All of the data must be written out verbatim, with pictures excluded.

**Data shown:**
.....

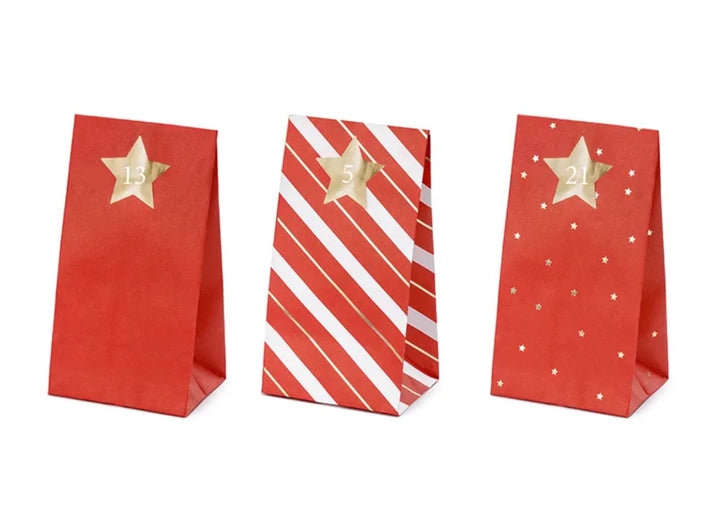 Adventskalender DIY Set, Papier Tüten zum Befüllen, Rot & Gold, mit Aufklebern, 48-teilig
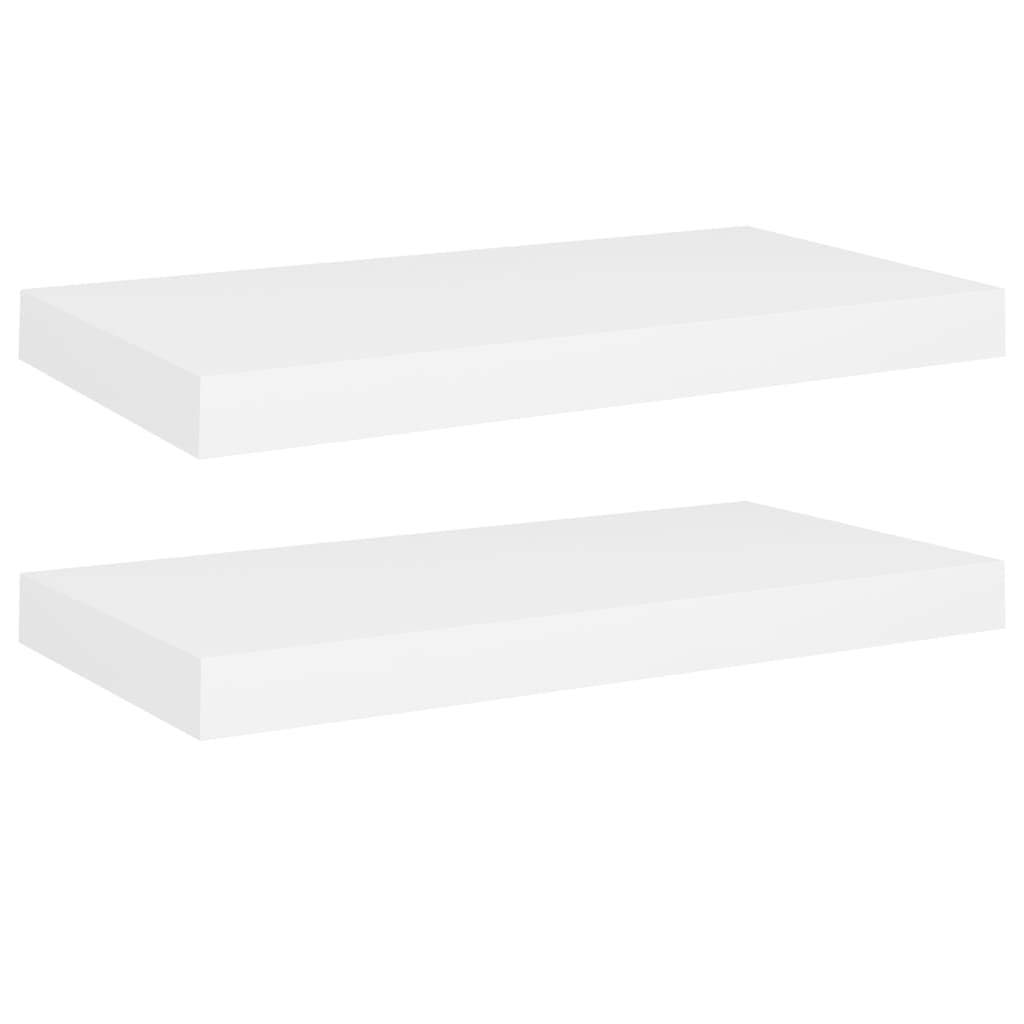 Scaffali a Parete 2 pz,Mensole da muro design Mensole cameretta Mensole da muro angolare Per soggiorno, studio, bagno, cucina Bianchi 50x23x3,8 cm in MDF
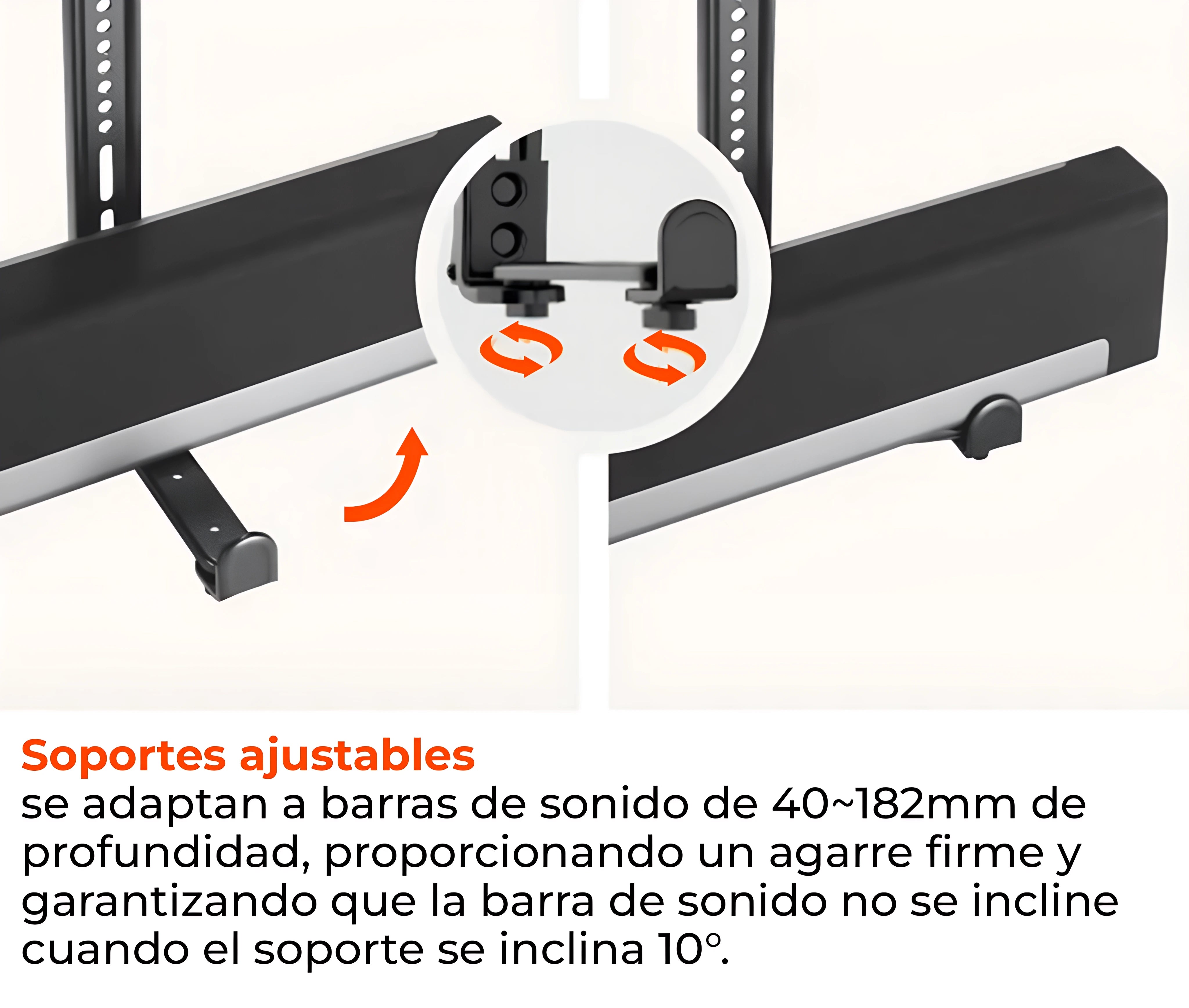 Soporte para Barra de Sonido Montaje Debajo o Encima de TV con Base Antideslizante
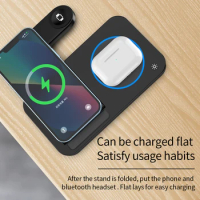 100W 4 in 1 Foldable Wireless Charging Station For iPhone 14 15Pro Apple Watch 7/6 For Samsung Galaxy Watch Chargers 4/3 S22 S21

.....

**Solved problem:**
 Adventskalender DIY Set, Papier Tüten zum Befüllen, Rot & Gold, mit Aufklebern, 48-teilig
 Scaffali a Parete 2 pz,Mensole da muro design Mensole cameretta Mensole da muro angolare Per soggiorno, studio, bagno, cucina Bianchi 50x23x3,8 cm in MDF
 Soporte para Barra de Sonido Montaje Debajo o Encima de TV con Base Antideslizante
 100W 4 in 1 Foldable Wireless Charging Station For iPhone 14 15Pro Apple Watch 7/6 For Samsung Galaxy Watch Chargers 4/3 S22 S21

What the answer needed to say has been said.